Artificial neural networks as potential classification tools for dinoflagellate cyst images: A case using the self-organizing map clustering algorithm

Abstract

Automated palynological analysis has been previously proposed but proved difficult to achieve. Here, the first instance of dinoflagellate cyst (dinocyst) image clustering from palynological samples based on morphological and textural image analysis (IA) features is presented. Dinocyst-dominated example images (including acritarchs and other algae) were acquired from Cretaceous, Paleogene and Holocene samples. IA features that cover a broad array of measurements are used, including morphological, Fourier and textural descriptors, as well as geometric moments and color. To determine clusters, unsupervised self- organized maps (a genre of artificial neural networks) were used. Self-organized maps (SOMs) can determine their own classification of data in cases where no knowledge of the true class of each data point exists. Using a SOM five major clusters can be identified including clusters of freshwater alga, proximate dinocysts, proximate dinocysts with long horns, proximochorate dinocysts and chorate dinocysts. Minor variations can also be identified based on red, green and blue color, textural variations, and dinocyst process length in the form of morphological (shape) descriptors.
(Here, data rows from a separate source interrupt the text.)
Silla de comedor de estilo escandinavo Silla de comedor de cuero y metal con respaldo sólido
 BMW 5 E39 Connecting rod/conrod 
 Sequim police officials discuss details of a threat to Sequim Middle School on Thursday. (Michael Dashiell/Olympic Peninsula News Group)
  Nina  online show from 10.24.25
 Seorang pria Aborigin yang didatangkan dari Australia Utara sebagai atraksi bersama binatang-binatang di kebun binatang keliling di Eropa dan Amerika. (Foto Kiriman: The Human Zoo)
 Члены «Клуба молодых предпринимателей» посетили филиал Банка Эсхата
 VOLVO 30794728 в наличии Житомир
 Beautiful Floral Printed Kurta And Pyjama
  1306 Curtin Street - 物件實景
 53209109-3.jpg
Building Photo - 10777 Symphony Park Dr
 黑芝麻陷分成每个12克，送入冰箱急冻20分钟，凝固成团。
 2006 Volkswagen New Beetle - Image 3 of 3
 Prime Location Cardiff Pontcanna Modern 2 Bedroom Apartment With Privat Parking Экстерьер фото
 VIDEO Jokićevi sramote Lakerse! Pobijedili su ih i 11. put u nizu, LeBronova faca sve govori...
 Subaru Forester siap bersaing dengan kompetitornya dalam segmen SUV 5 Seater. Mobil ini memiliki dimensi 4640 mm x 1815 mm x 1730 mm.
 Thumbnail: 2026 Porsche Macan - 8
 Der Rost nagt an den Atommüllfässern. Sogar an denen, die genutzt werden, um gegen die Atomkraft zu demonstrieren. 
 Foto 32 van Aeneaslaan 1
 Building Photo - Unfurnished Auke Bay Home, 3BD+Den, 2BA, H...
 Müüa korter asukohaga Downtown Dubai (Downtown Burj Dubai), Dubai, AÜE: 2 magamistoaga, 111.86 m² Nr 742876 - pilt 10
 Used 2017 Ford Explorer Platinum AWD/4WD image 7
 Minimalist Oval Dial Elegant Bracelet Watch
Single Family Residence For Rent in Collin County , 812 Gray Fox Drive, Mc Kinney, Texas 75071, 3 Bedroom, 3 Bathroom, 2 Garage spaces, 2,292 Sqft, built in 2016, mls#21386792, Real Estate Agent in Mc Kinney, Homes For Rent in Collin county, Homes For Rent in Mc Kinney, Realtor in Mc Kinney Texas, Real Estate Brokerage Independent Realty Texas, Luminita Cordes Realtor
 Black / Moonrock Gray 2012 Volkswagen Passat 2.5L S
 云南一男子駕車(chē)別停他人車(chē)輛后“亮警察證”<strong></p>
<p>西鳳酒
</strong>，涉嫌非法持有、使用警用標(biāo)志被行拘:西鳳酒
These major and minor clusters demonstrate the open-ended capability of the system to be a wider palynological identification tool. The advantages of automation in palynology are articulated and the hurdles yet to overcome discussed. These advantages include freeing humans from ‘routine identification’ so that more emphasis can be placed upon distinguishing the rarer (‘unknown’) particles and placing them in a descriptive context. Challenges yet to conquer include distinguishing between images of closely related morphologies and/or textures. It is envisaged that technological and computational developments will quickly facilitate such further developments.